My previous post contained some vague statements about the low latency of the SSD with which my current system is equipped. Haui suggested a more quantitative measure and referred me to a little utility called seeker capable of actually measuring the random access time of storage devices. Thus started, I continued and measured both the transfer rate TR (using hdparm -t) and the random access time AT (using seeker) of some other storage devices which I had lying around.
Name Interface Capacity (GB) TR (MB/s) AT (ms) Plextor PX-256M5P SATA 6G 256 435 0.1 RunCore Pro IV Mini PCIe 32 75 0.35 USB sticks USB 2.0 2--8 20--30 1 SD card (Class 10) SD 16 10 2 2.5" USB disk USB 2.0 500 35 15 WD WD10EFRX SATA 6G 1000 150 20
When looking at these data, several facts strike me as remarkable. First of all, when comparing the first and the last position, it becomes clear that SSDs are now the only viable drives for desktop computing, offering a capacity more than sufficient for all modern OS and their applications, a transfer rate clearly superior to all available magnetic HDs, and, finally, a decrease in access time by two orders of magnitude. The latter is of particular importance, since it not only creates this 'snappy' feeling we all love, but is also responsible for the absence of the system stall during extended disk operations, such as a backup or a file search (see also the technical remark on IOPS at the end of this entry).

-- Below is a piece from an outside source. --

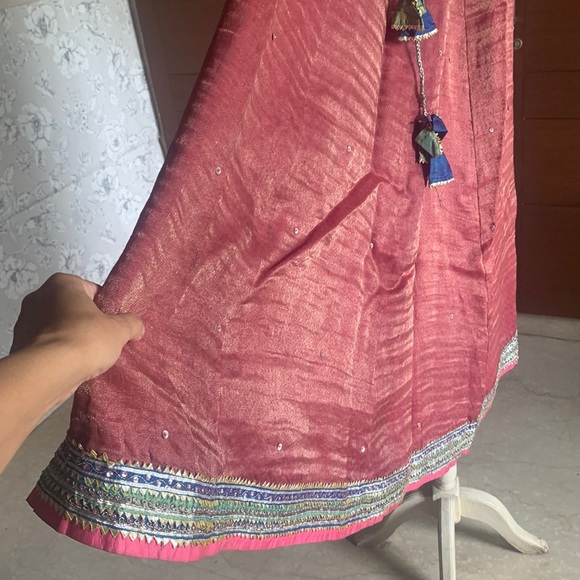 ENSEMBLE LEHENGA: Vibrant. Stands out. Choli 32-34. STUNNING DUPATTA! - Picture 13 of 17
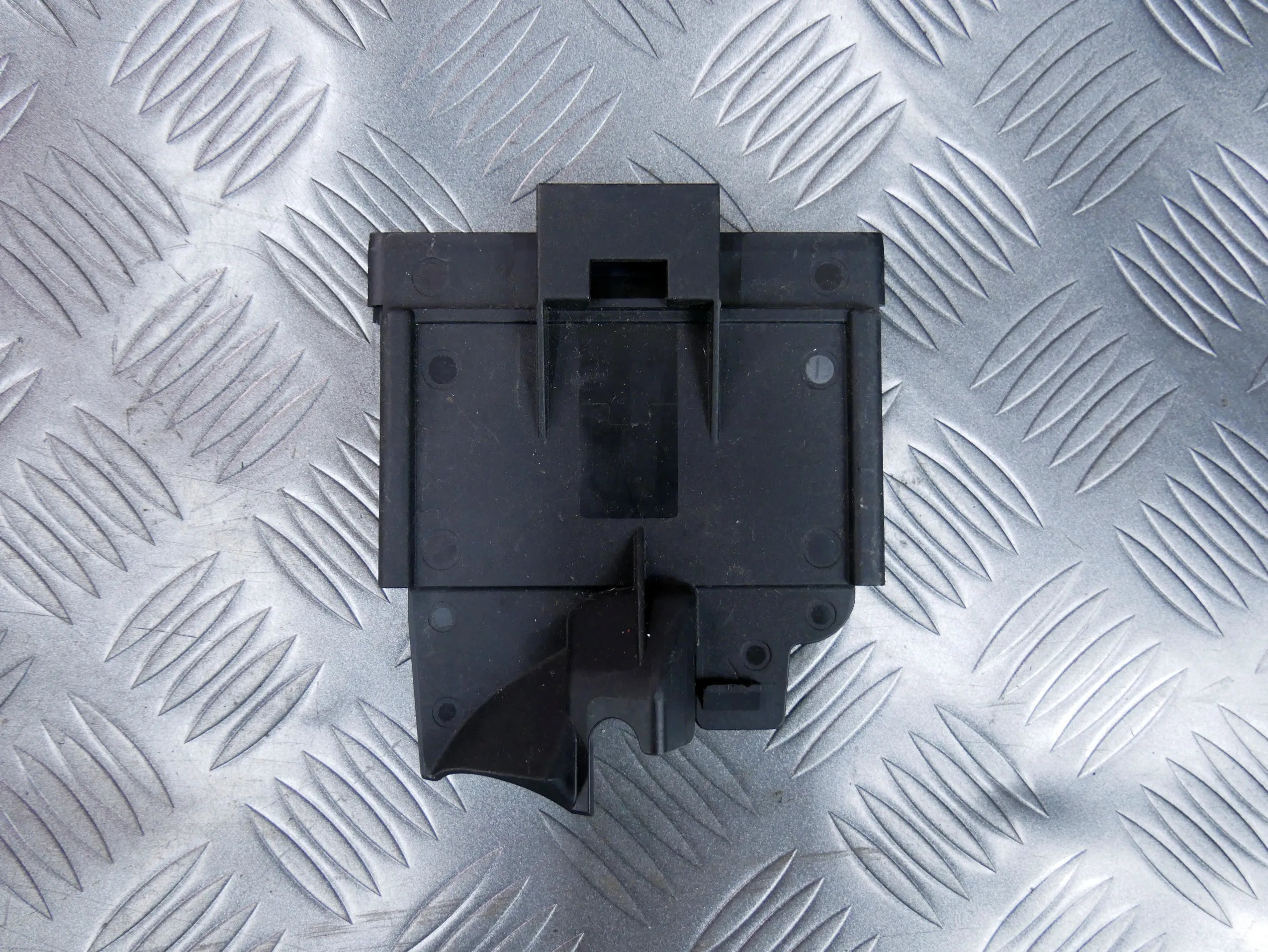 Osłona zaślepka skrzynki bezpieczników 5Q0927165D VW PASSAT B8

Second, I cannot help but marvel at the abundance of affordable and high-performing mobile storage solutions available today. Readers below age 30 will perhaps not understand, so let me remind you of one historical fact:
3.5" floppy disk 0.0015 0.015 300
THIS THING was the only available portable storage solution for a decade prior to the advent of affordable CD ROM drives in the late 90s. Consequently, the OS of your choice as well as games came on 20 or 30 of these disks. Look at the numbers above to get at least a SLIGHT idea what installations were alike. They indeed often took HOURS and required the repeated manual insertion and ejection of EACH OF THESE DISKS.
AHHHHH! How dreadful!
Eh ... sorry.
'Portable' also meant, of course, that we used these disks for transporting data back and forth. At least 20% of my data were destroyed in in transit due to the magnetic field in the U-Bahn. GNAAAAA!
I'm so glad these times are over. 😊
On a technical note: SSDs are typically not assessed in terms of random access times, but of I/O operations per second (IOPS). These quantities are not simply inversely related since IOPS are usually measured in a way relevant for servers, namely, with 32 threads. Ideally, the number of IOPS would scale linearly with the number of threads, but experience shows that 32 threads are sufficient to reveal the maximum, saturated IOPS of the drive.
To illustrate the different response of SSds and HDDs to multithreaded access patterns, I've tested both the Plextor SSD and the WD HDD with seekmark (available on the AUR), a multithreaded I/O benchmark based on seeker.
Name IOPS (1 thread) IOPS (32 threads) Gain Plextor PX-256M5P 10000 100000 10 WD WD10EFRX 50 100 2
As you can see, the SSD handles multithreaded access patterns much more gracefully than the HDD. Data base servers with very high demands may saturate even this I/O rate, but otherwise we may state that 100000 IOPS ought to be enough for everybody. 😉
Here's a graphical overview of the drives' performance when subjected to different numbers of threads:
The plot visualizes the enormous difference between SSD and HDD as well as the saturation of the drives for larger numbers of threads. My Plextor SSD, for example, scales linearly up to 8 threads, but saturates thereafter.